Below this line are records; write out exactly the lines from the one containing "Portable beach house with solar panels" through the one containing "2022new r180 tws", with the pictures left out.

* THE DATA:
============

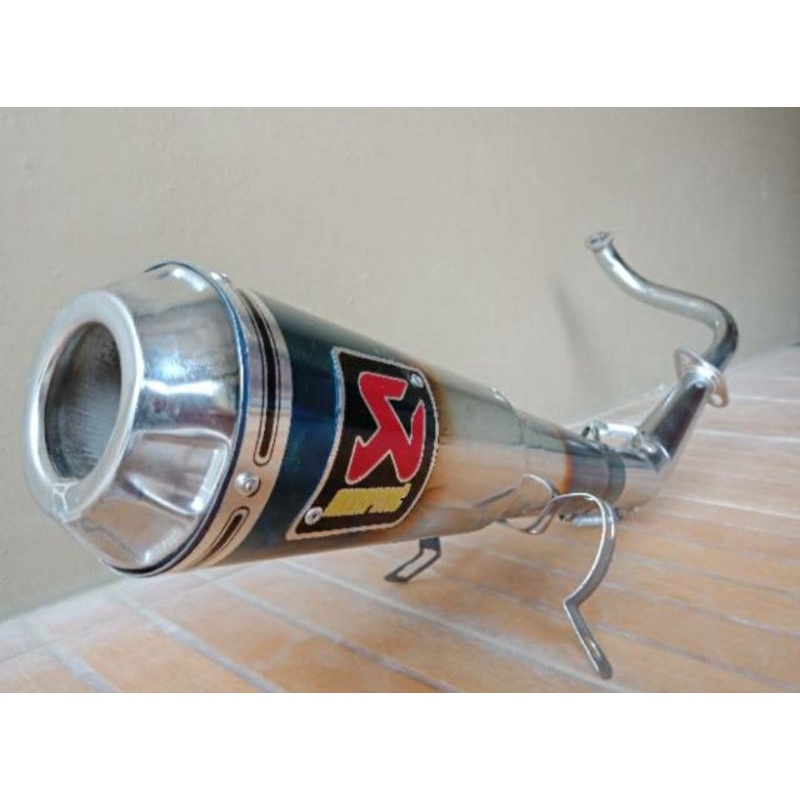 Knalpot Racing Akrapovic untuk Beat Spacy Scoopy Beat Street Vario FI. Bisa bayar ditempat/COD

============

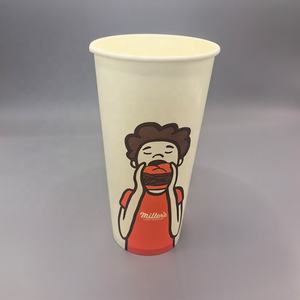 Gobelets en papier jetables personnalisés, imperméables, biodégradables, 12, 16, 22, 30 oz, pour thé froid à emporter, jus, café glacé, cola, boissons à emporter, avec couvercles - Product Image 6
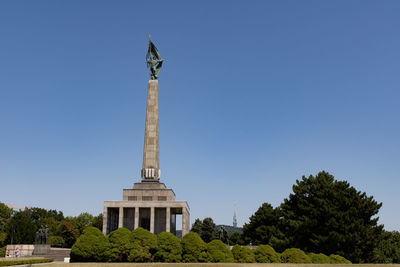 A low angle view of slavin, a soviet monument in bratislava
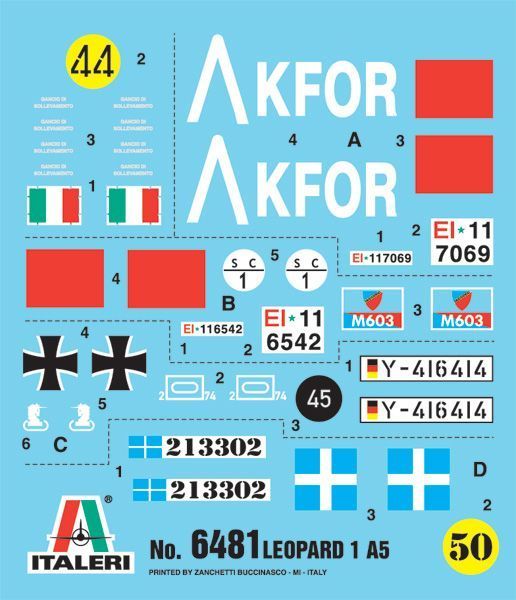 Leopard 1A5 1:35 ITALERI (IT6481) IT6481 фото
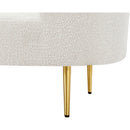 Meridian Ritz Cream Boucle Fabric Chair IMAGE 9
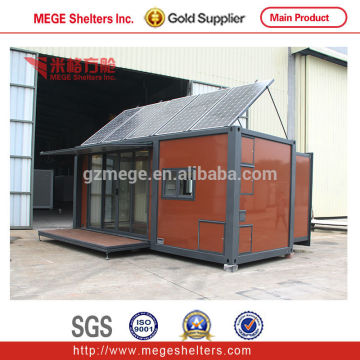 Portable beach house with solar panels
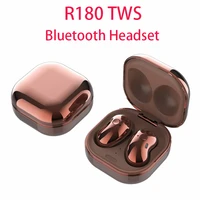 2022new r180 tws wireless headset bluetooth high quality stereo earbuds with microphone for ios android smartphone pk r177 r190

============

* ANSWER SECTION:
 Portable beach house with solar panels
 2022new r180 tws wireless headset bluetooth high quality stereo earbuds with microphone for ios android smartphone pk r177 r190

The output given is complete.